Robert Schillerstrom will formally announce Thursday his candidacy for re-election as DuPage County Board chairman and vowed to balance continued efforts to improve the area’s basic public works needs with protecting and bettering the county’s quality of life.
“I still have work to finish,” Schillerstrom said in a statement released by his campaign, adding that he, his County Board colleagues and supportive mayors and other elected officials “have formed a good team and a productive working relationship.”
Schillerstrom, 49, an attorney who lives in Naperville, is not expected to face significant opposition in his bid for a second term.
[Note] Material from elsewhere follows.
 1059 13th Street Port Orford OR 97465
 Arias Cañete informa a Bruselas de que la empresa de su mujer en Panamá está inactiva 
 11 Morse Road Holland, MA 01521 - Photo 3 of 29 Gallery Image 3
County Republicans said they were unaware of plans to challenge him in the March primary, and most political observers doubt a Democratic challenger could defeat him in the general election.
Among the issues Schillerstrom said the county and his administration will face in the future is the continued push for western access to O’Hare International Airport to spur growth and to help relieve traffic congestion for the airport’s neighboring communities.
Also, traffic problems place added importance on identifying alternative methods to get people to work, he said.
Schillerstrom said he will continue to stress the need to preserve open land and keep rivers and streams clean, as well as provide a comprehensive trail system to display the county’s natural resources.
During his tenure as board chairman, Schillerstrom embarked upon a bond-funded infrastructure improvement program of nearly $245 million to pay for roadwork improvements, flood-prevention projects and a new annex to the county courthouse in Wheaton. Work has begun in some cases.
Schillerstrom also was able to win another $300 million from Gov. George Ryan’s Illinois FIRST public works program.
A former president of the Naperville Park District, Schillerstrom has embraced environmental movements in the county, playing a more active role than his predecessors in forest preserve matters and having close ties with the politically influential Conservation Foundation in Naperville.
He has nudged the Forest Preserve District to buy more open land as the last pieces of space in DuPage are developed.
Schillerstrom has overseen three county budgets, including a proposed budget unveiled this week for the 2002 fiscal year, that have modestly lowered property taxes by $300,000 while building a new youth home, buying the Wood Dale-Itasca Reservoir and working on stormwater projects.
A former chairman of the Naperville Township Republican Organization, Schillerstrom had considered bids for statewide office, including the GOP nomination for secretary of state or attorney general.
He has more than $500,000 in campaign funds, including a $100,000 personal loan to his campaign.
But with Atty. Gen. Jim Ryan, a former DuPage County state’s attorney, seeking the Republican gubernatorial nomination and current State’s Atty. Joseph Birkett planning to seek the GOP nomination to replace Ryan as the state’s top law-enforcement officer, many leading Republicans were concerned that there were too many DuPage candidates.